1957 - 1984
For Bay-Abi, life was a lark and he its star merrymaker. All he needed to make his world complete was the perfect sidekick. He found her in 1959 at the first Arabian horse sale to be held at San Francisco's Cow Palace. Her name was Sheila Varian, and she was just 19 years old.
"Bay-Abi turned his head and looked at me with his small, tipped ears and quizzical expression. It was a look I grew to know intimately for the next 25 years of his life," Varian said, recalling the first time she saw the then 2-year-old colt. "Whatever the instinctive connection between the two of us was, I don't know, but if I ever felt the pull towards something, I felt it towards Bay-Abi."

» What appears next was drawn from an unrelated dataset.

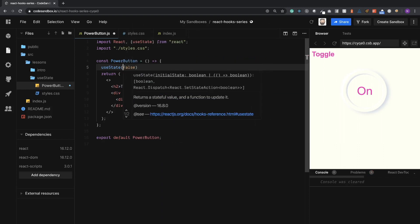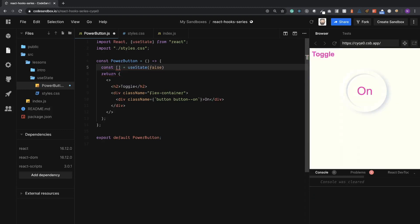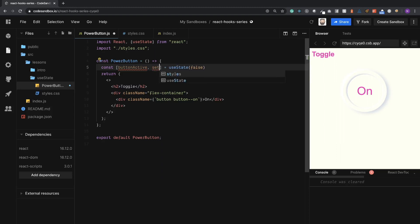And then it returns an array of two values. The first value is the state or the value, so we'll call it buttonActive. And then the second value is actually a way to update that state, so we can call that setButtonActive.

"The bidding commenced and somewhere along the way I looked at my mom (Wenonah Varian) and she nodded and I bid. At $1,000 I could hear Mom murmuring something about 'as high as we could go'...another bid came in at $1,050. Before my mom had a chance to comment, I bid $1,100. It seems as though there was no sound until I heard the words, 'Sold to the blond girl in the front row!' I can't recall a time when I was so incapable of anything as I was in those moments following being told Bay-Abi was mine.
"I would give anything to see the sale agreement today, because one thing I do remember clearly was trying to sign my name with a hand shaking so violently. What an incredible mother and father (Eric Varian) I had to trust a youngster's knowledge and intuition, although I best not give myself too much credit. Don't ever believe my mom didn't do her pedigree research!"
For the next 24 hours, Varian checked on her new horse every 20 minutes only to find he was always laying down, sleeping flat out. "He didn't look sick, but just how long can a horse sleep?" Varian wrote in her memoirs, which she plans, eventually, to publish. "When I took him out of his stall, he played and pranced and I loved everything about him. When I put him away, he lay down and slept like a drugged zombie until I showed up to admire him all over again. Bay-Abi's ability to sleep was a trait that held him in good stead all of his life."
Bay-Abi was the horse who started it all, who launched the incredibly influential Varian Arabians breeding program - a program known around the world for its unique "V" horses, supreme athletes who exhibit breath-taking beauty.
Bred by Lloyd and Mary Silva, of Oregon, Bay-Abi was born on April 22, 1957. His sire, Errabi, was a champion who was killed at age 7. In his pedigree, Errabi carried the lines of "Mirage through Image, Skowronek through Naseem, *Nureddin II through *Ferdin, and the desert bred *Hamrah.
Bay-Abi was his dam's first foal. Angyl, a U.S. Top Ten halter mare, was 10 years old when bred to Errabi. A *Raseyn daughter, Angyl was out of the Polish mare *Wierna, who was by Ofir, and out of Kamea, a Farys daughter. This "melting pot" of bloodlines gave Bay-Abi the best each had to offer, resulting in a superior individual.
Bay-Abi and the tall, slight school teacher formed an incredible bond based on loving devotion and a delicious sense of humor.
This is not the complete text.